---- Collected data

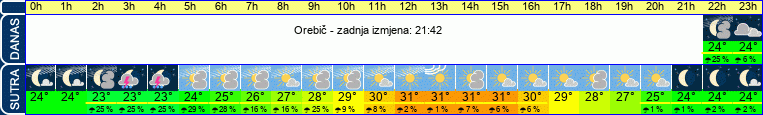 vrijeme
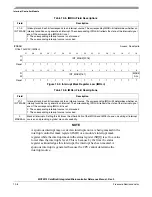 Preview for 200 page of Freescale Semiconductor ColdFire MCF5211 Reference Manual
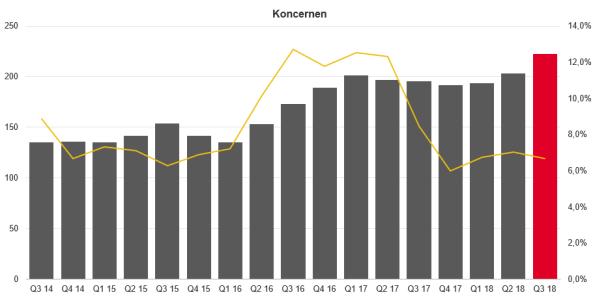 FINANSIELL INFORMATION JULI - SEPTEMBER Intäkter Koncernens intäkter för perioden ökade med 13,1 procent till 220,6 MSEK (195,1).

--------

* Work task: Transcribe the whole listing exactly but exclude images.

* Completed task:
 vrijeme
 Preview for 200 page of Freescale Semiconductor ColdFire MCF5211 Reference Manual
 FINANSIELL INFORMATION JULI - SEPTEMBER Intäkter Koncernens intäkter för perioden ökade med 13,1 procent till 220,6 MSEK (195,1).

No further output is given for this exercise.